Leave-taking & Homecoming
For me, the soul of this song is about me making peace with coming home to New Zealand. I was 19 when I moved to Sydney and I spent my individuating and formative 20’s in its bright glow. There was a time when I said I would never come home to New Zealand. I came home in crisis in 2008, a reluctant returner and it took me time to learn to love the terrain of my childhood again and to make peace with my homecoming.
“I am happy living here in the shadow of these hills” is a statement I could never have said in the early years. That it bubbled out of me honestly in this song six years later is testament to the homecoming journey having done its work deep inside me.
Nature As Character
In my busy 20’s, nature for me was setting, scenery, a vague blur in the background of the real action. Trees were stage props which I was blind to in all honesty! In the last seven years, I have changed. I no longer perceive nature as simply a setting in this story but as a central character in the drama of human life. Trees and flowers now keep me company in the way that friends do.

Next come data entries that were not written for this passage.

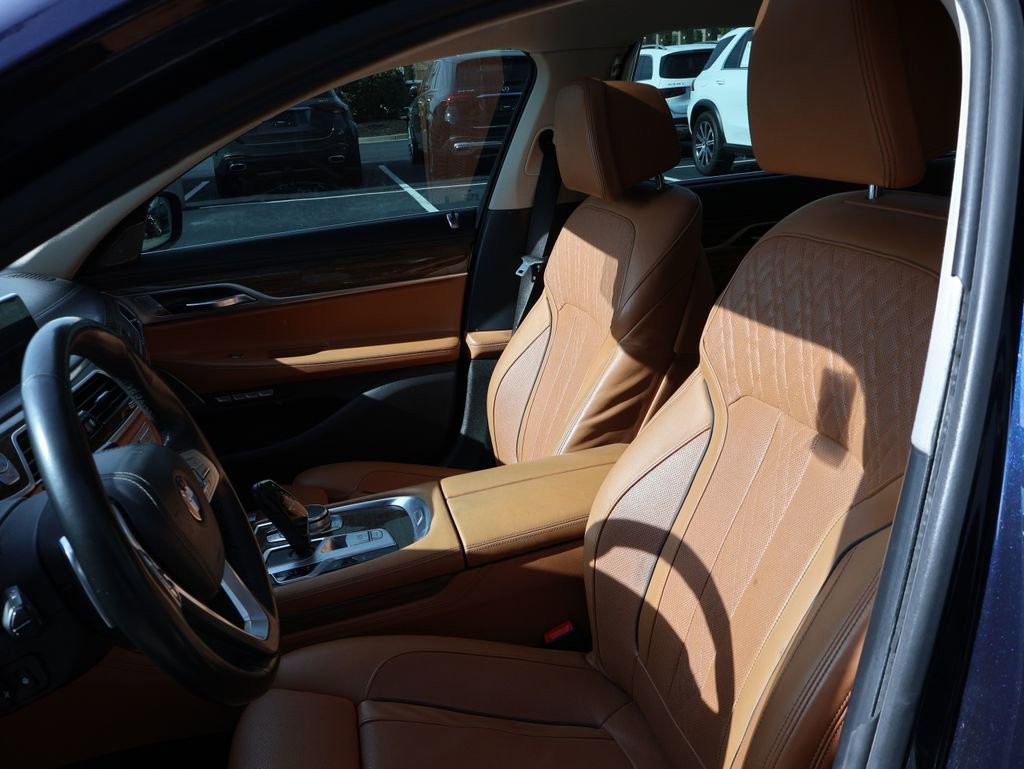 Used 2016 BMW 750i xDrive AWD/4WD image 18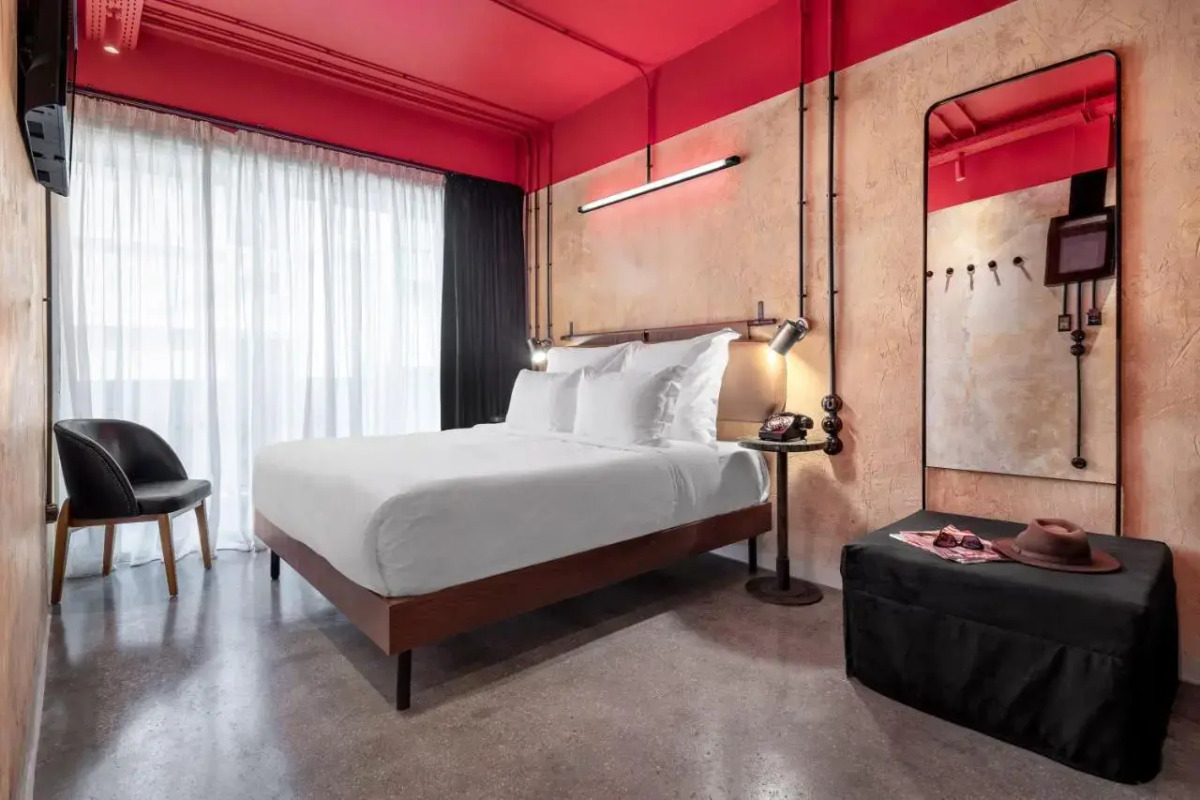 Dave Red Athens Hotel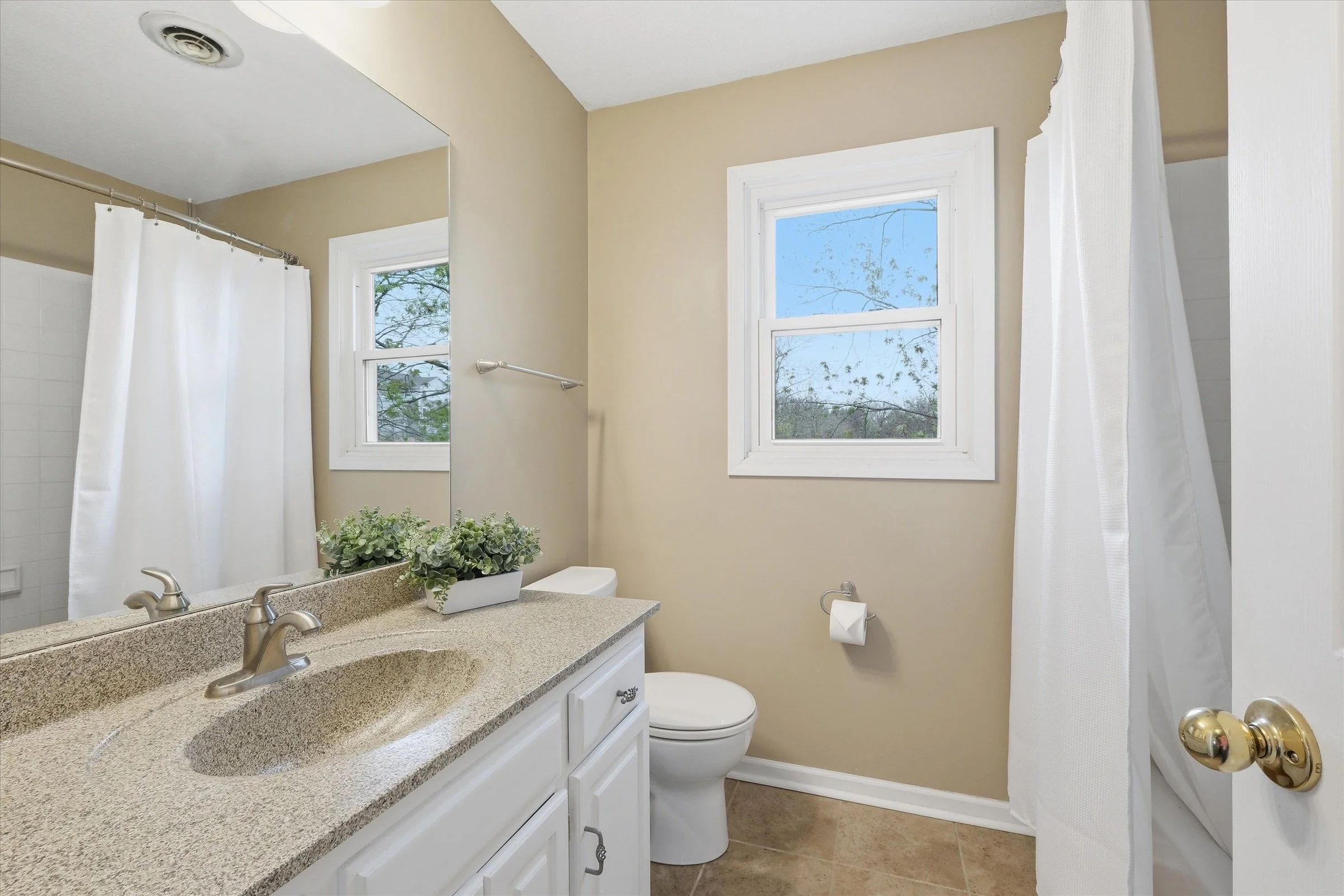 32-1100 Wellington Way.jpg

I am learning to detect the shimmering vitality of Divine Presence within the trees, plants and flowers that surround me. They keep me company in gentle and life-giving ways, shooting colour through my soul and fresh steadiness into my bones. (Read: The Secret Life of Trees)
The heavens declare the glory of God; the skies proclaim the work of his hands. Day after day they pour forth speech; night after night they reveal knowledge. Psalm 19
Sunset Road Moments as Spiritual Encounter
My drive home at sunset was part of that heart-lifting recognition. Panoramic landscapes create soul space. The expanse of the sky, strewn with peach, gold and purple opened up an interior capacity that allowed me to breathe all the way down. The trees shining in the exuberant throes of dying light somehow echoed my own life, my own being, my own grateful dependence on light. The nature of beauty acted on me like redemption, like restoration.
Virginia Woolf’s Trees
Virginia Woolf, the acclaimed British novelist and member of the Bloomsbury set, has forever changed the way I look at trees. In her first novel ‘The Voyage Out’, and last novel ‘Between the Acts’ I was struck by her soulful depiction of trees and way her characters encounter them as wholly ‘other’ – one character, in recognising that the grand, old trees will outlast her, comes face to face with her own mortality.
The line in Sunset Road – ‘when I’m gone they’ll face the sunrise just the same’ – harks back to my Virginia Woolf reading moments. Her characters gain a sense of both their connected and their smallness in the grand scope of nature.
The contemplative traditions teach me that spiritual growth begins with the recognition of a transcendent reality beyond the borders of my ego, which does not depend on me and which I cannot control. Sit in nature in silence for an hour and you will begin to intuit this dynamic.
The magic of an auburn sunset is a gift I drink in with an open heart.
The trees who flourish in dependence are co-inheritors of the grace that also sustains me.
The beauty of an ordinary scene lit up by extraordinary light is a whisper of my own story.
This is the story that shimmers beneath the surface of ‘Sunset Road’.